### SOURCE DATA
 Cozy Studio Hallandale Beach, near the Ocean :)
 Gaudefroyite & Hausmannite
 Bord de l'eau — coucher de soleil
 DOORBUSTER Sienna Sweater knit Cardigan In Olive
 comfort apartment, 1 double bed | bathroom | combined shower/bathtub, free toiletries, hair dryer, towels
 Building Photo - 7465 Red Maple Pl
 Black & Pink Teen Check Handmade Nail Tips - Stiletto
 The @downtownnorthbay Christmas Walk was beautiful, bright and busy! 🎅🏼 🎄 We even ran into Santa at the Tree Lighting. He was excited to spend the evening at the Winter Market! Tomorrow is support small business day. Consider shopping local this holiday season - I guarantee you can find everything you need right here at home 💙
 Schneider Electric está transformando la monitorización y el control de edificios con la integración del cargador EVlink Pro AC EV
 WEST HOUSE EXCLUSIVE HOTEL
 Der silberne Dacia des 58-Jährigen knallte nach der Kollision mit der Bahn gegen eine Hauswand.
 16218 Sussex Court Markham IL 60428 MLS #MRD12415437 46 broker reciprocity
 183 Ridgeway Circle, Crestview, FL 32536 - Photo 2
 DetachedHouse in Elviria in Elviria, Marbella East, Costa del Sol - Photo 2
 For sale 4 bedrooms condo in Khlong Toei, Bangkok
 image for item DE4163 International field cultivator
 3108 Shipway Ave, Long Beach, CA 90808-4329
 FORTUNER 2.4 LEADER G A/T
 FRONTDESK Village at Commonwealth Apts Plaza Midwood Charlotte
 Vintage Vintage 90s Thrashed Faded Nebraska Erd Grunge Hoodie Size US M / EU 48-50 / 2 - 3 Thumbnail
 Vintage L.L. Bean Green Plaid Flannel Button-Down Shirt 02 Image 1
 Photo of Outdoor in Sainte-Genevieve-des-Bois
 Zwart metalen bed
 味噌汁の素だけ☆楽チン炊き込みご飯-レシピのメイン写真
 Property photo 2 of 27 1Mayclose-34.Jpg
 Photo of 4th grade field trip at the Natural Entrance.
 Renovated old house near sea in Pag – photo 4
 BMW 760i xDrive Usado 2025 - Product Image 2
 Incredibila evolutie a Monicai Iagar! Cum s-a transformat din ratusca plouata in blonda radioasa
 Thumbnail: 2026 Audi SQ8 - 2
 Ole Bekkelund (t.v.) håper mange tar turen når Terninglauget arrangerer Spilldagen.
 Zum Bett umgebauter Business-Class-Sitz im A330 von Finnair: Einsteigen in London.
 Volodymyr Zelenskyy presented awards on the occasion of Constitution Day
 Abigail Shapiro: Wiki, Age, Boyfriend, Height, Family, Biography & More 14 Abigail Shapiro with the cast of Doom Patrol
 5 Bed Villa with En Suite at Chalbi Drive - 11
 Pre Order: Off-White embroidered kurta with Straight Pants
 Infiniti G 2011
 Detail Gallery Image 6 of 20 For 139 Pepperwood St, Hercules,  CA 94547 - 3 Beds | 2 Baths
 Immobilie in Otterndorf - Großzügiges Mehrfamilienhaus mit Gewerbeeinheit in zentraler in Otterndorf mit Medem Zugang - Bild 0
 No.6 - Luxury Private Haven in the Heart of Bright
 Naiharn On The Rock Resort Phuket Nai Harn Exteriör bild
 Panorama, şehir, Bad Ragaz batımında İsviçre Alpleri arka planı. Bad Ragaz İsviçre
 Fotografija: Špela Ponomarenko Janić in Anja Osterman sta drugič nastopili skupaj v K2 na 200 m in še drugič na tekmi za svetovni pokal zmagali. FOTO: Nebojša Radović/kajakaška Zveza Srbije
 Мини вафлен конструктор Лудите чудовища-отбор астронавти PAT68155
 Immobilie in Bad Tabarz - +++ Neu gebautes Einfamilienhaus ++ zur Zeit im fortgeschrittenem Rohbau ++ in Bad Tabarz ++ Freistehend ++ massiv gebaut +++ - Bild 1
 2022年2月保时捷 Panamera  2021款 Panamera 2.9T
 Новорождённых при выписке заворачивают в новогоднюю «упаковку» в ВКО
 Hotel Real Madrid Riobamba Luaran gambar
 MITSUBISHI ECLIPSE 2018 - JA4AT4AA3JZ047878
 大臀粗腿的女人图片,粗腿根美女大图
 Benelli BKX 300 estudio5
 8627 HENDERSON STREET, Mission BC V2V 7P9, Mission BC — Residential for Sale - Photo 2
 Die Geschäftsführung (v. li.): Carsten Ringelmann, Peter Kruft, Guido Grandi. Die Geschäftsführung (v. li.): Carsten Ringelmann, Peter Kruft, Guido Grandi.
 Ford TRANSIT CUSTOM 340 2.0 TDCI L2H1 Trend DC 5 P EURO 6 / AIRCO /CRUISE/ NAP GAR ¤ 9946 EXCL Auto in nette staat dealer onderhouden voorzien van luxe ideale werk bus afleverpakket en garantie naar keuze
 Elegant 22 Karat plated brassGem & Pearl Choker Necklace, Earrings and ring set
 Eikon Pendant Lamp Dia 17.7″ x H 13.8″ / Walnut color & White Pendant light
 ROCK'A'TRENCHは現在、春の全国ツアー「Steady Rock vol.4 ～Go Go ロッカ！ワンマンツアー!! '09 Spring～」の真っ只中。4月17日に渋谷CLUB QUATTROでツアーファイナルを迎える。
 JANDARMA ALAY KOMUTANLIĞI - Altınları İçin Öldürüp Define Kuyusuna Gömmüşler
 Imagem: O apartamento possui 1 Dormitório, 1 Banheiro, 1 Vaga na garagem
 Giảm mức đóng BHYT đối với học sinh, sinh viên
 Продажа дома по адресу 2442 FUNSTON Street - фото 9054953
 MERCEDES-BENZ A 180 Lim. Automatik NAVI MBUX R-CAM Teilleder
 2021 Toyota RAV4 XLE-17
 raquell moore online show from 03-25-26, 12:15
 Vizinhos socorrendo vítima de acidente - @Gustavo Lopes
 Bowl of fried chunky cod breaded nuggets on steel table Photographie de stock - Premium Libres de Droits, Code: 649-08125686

### WHAT TO WORK ON
Filter the entries above and return only the lines holding "Beach".

### THE COMPLETED TASK
 Cozy Studio Hallandale Beach, near the Ocean :)
 3108 Shipway Ave, Long Beach, CA 90808-4329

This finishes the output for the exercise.